THE DESCENDANTS
Now playing at Fifth Avenue Cinemas and International Village
Matt King is going through a midlife crisis: he's conflicted about selling off 25,000 acres of family land; he's detached from his offspring, and, as it turns out, has been even less in touch with his wife. But at least he has his hair.
That's all I took away from The Descendants by Alexander Payne, the man who got to the heart of wine snobbery in Sideways. The film is framed as a comedy-drama in the trailer, which features some perky ukuleleplucking in the background as Clooney's head pops up from behind some shrubbery, but instead is a serious film about betrayal, grief and family dysfunction.
Clooney plays Matt, who in addition to the issues mentioned above, is also dealing with a wife who has been in a coma for 23 days, and may not recover. Plus, it seems that Elizabeth was having an extra-marital affair. The self-described "backup parent" is now responsible for his two girls, aged 17 and 10 (Shailene Woodley and Amara Miller) who seem to have had issues long before mommy had her accident.
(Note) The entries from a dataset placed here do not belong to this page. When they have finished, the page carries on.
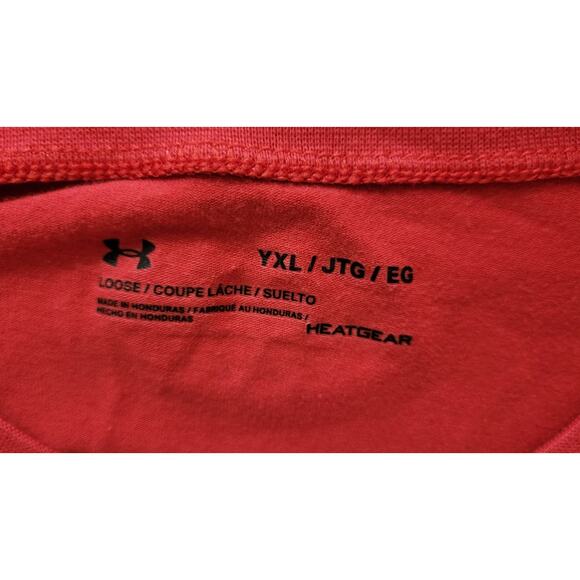 Under Armour Red HeatGear Loose Fit T-Shirt YXL Lightweight Activewear For Youth - Picture 3 of 8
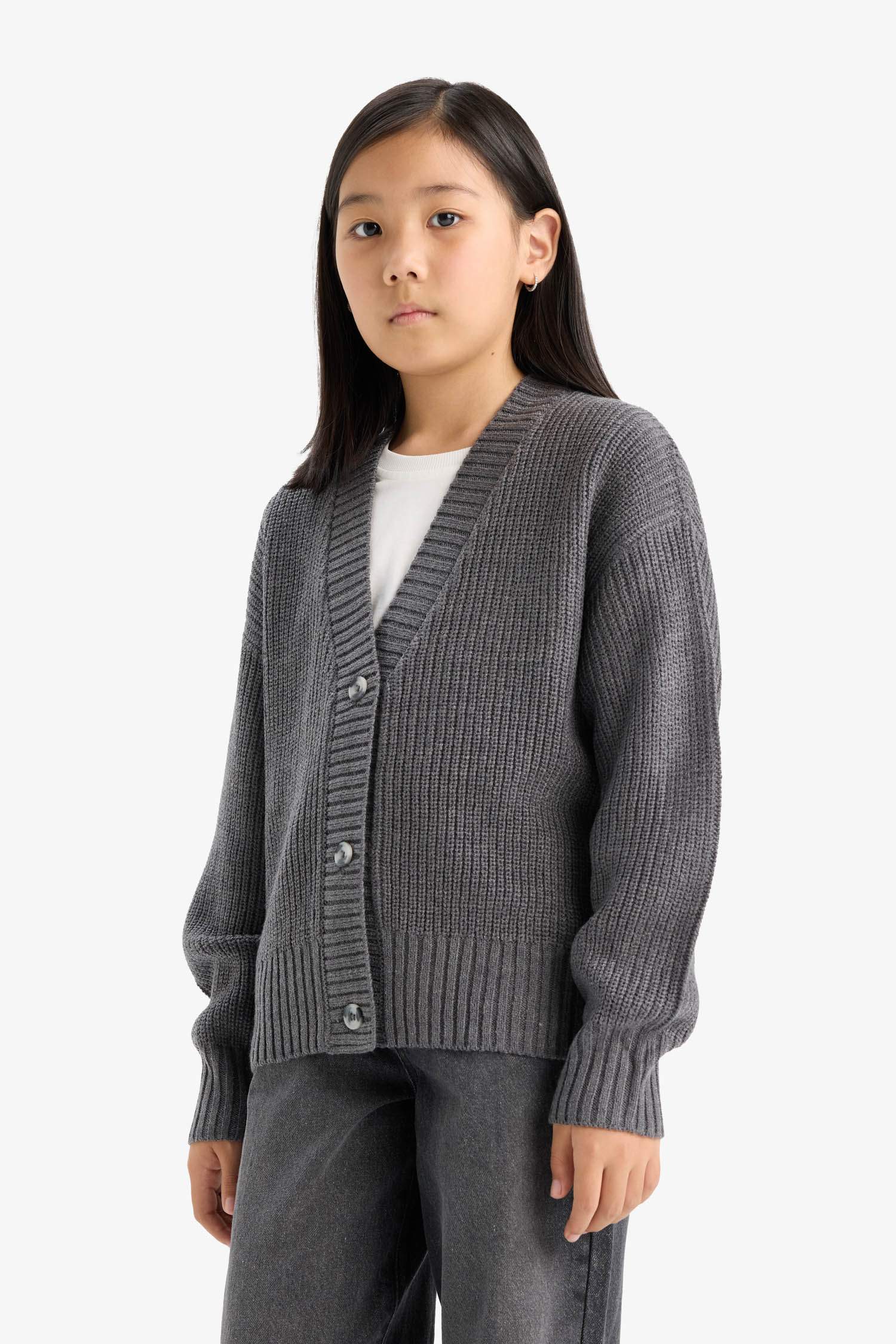 Kız Çocuk V Yaka Düğmeli Triko Hırka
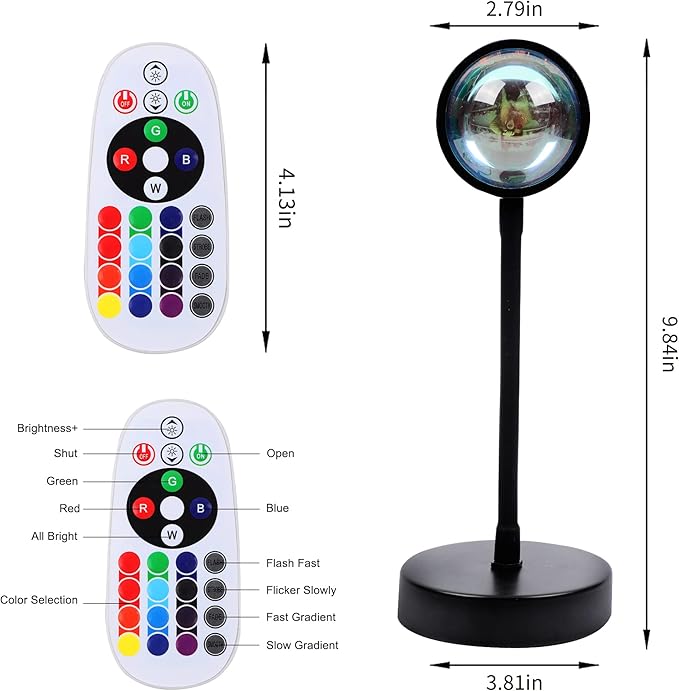 Sunset Lamp, Lights,Sunset Projection Lamp 16 RGB Color Changing Night Light 360 Degree Bracket for Self-Media Light Romantic Wedding Birthday Party Bar Restaurant Photo Background Gifts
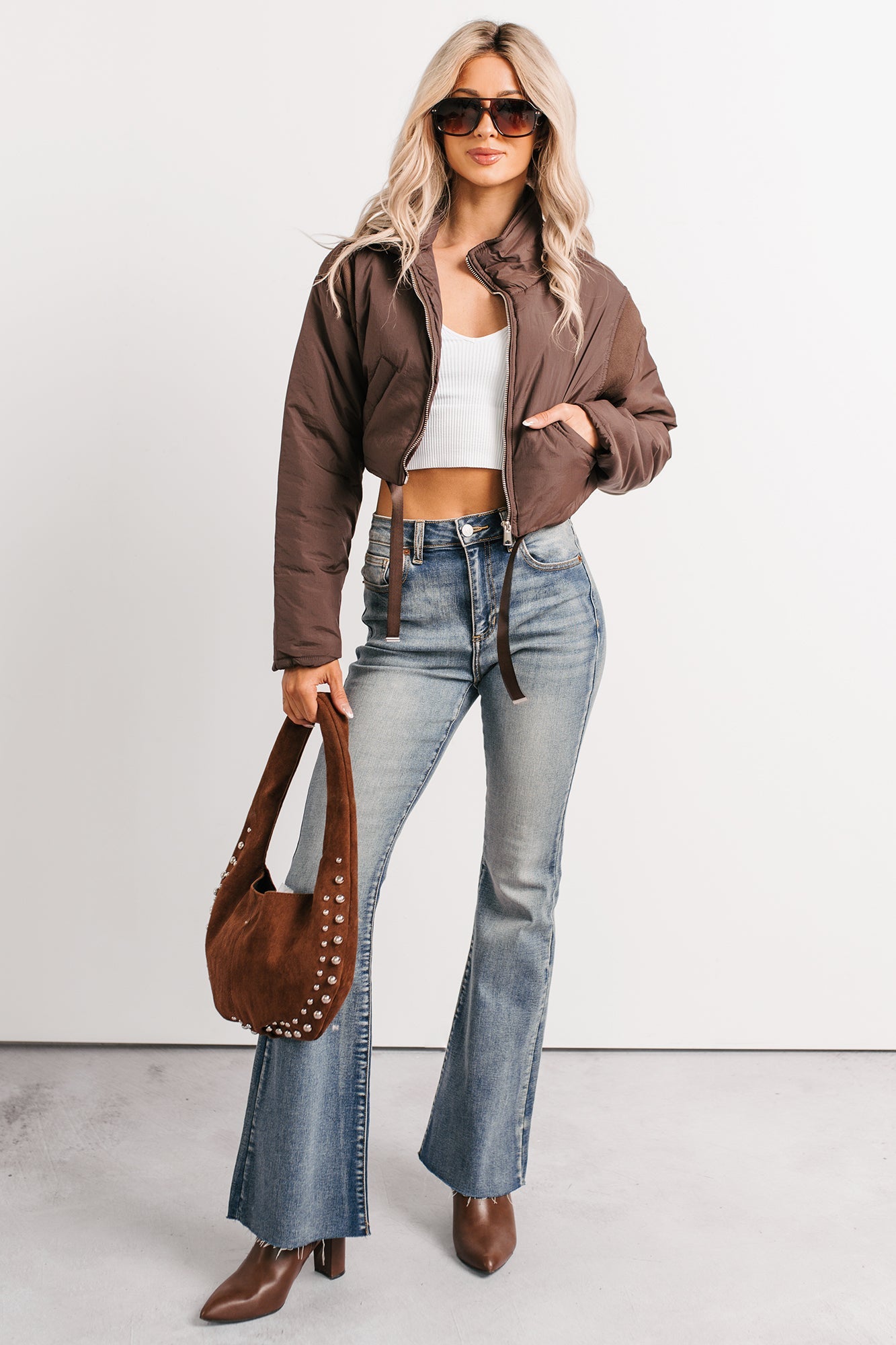 Snow Calls Cropped Bomber Jacket (Espresso)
We wonder if it's Matt who's been in a coma for the last 17 years. He seems so detached from his girls-foul-mouthed messes both-that we assume he lives apart. Instead, we're told that he just works a lot, which seems to be justification for Elizabeth's affair, but surely doesn't explain why the girls treat their dad with so much contempt.
After all, Matt seems to be the more sensible parent: he inherited a strong work ethic from his father, and believes that when it comes to money and children, a parent needs to "give them enough to do something, but not enough to do nothing." It's the best line of the movie, but Matt - let's call him Doormatt-seems to have lost the point in his rhetoric.
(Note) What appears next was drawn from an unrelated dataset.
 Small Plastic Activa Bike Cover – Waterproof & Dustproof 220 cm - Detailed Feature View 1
Apparently filmmakers thought that we would have a difficult time accepting George Clooney as a cuckolded husband, and so made him as dorky a dad as possible, with pants a little too high and the world's most boring Hawaiian shirts. Clooney, trying desperately to lose his signature poise and polish, clumps around like a Neanderthal, whether he's running on the beach or just trying to stay erect. It's distracting.
There are no surprises to be had in this picture, which paints the characters in black and white, rather than in shades of grey. Matt is the victim here, righteous and alone. All their friends are on his wife's side. Matt's father-in-law (an excellent Robert Forster) hates him. Adultery is bad, so the other man (Matthew Lillard) is presented as a sleazy real estate agent, who may or may not have pursued Elizabeth to cash in on an upcoming real estate deal. Plus, he's "not very articulate" according to Matt, who mocks the man to his face. And Sid (Nick Krause) is so moronic a character that he ruins every scene he's in. This isn't Bill and Ted's Excellent adventure, after all.
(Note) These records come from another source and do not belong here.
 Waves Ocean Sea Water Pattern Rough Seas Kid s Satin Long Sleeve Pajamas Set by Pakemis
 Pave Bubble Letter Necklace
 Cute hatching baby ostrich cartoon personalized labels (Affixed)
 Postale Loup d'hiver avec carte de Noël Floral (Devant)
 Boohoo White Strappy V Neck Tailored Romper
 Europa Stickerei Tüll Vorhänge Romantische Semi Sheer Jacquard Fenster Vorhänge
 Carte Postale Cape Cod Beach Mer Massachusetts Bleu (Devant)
Matt is so entirely blameless-aided by Clooney's hangdog expressions-that two things happen: he starts to grate on our nerves because he never stands up for himself, and we kind of hate the other characters (yes, even the 10-year-old who keeps flipping her father the bird) with whom we should sympathize.
There are too many morbid shots of the dying woman, as if to wring last-minute sympathy from the audience where the script failed to do so. It means the farewell scene between Matt and his wife (which should have been a three-hanky affair) seems inauthentic.
Clooney is capable of comedy and drama, but Payne's script, adapted from a novel by Kaui Hart Hemmings, allows him to do neither well, in a flat little film where the landscape is far more interesting that the people who inhabit it.